Un argument volontiers repris par plusieurs eurodéputés qui suggèrent de cibler les aliments ultra-transformés et leur marketing plutôt que les produits du terroir. "La surcharge pondérale des adolescents ne vient pas du fait qu'ils mangent trop de camembert", ironise l'eurodéputée Irène Tolleret (Renew, libéraux).
L'idée serait de tenir compte des portions.

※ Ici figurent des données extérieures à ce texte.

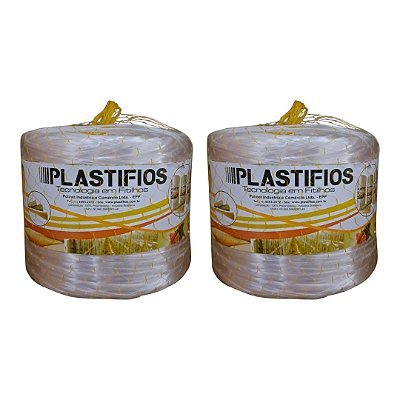 Fitilho Plástico Rosê 2000 Metros Para Amarração E Condução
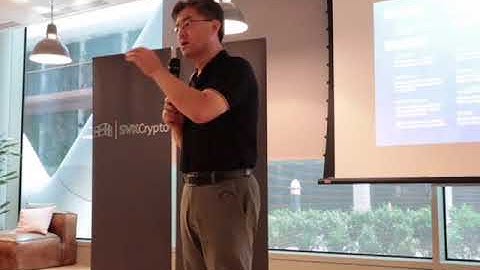 Elastos Europe Tour 2018 London Rong Chen Speech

Pour l'heure, le Nutri-Score français évalue effectivement les aliments selon la même référence de 100 grammes ou 100 millilitres dans le but de favoriser les comparaisons, sans tenir compte du fait que certains, comme l'huile d'olive ou le fromage, sont consommés en petite quantité.
- L'UE à la traîne -
En attendant, le temps presse: la proposition de la Commission doit être débattue par les États puis soumise aux eurodéputés dont le mandat expire en 2024.
Si la Commission rate le coche, "ce sera une occasion manquée majeure pour aider les consommateurs européens, en particulier les plus vulnérables", regrette Emma Calvert.
Car pendant ce temps de nombreux pays avancent, avec parfois des mesures plus ambitieuses comme au Chili dont le système obligatoire depuis 2016 "est en passe de faire l'objet de lois similaires dans 32 Etats", selon Guido Girardi, l'ancien sénateur à l'origine de la réglementation.
Au Chili, la présence d'un seul logo noir (présence élevée de calories, graisses saturées, sucre ou sel) sur un produit prive son fabricant de toute possibilité de faire de la publicité à la télévision. "Une des conséquences, c'est que plus de 20% des produits ont fait l'objet de nouvelles recettes", avec moins de sucre ou sel, précise M. Girardi.
Le Nutri-Score n'est, lui, affiché sur les emballages que sur la base du volontariat. Des produits traditionnels régionaux tout comme des grandes marques internationales de sodas ou confiserie s'y refusent toujours.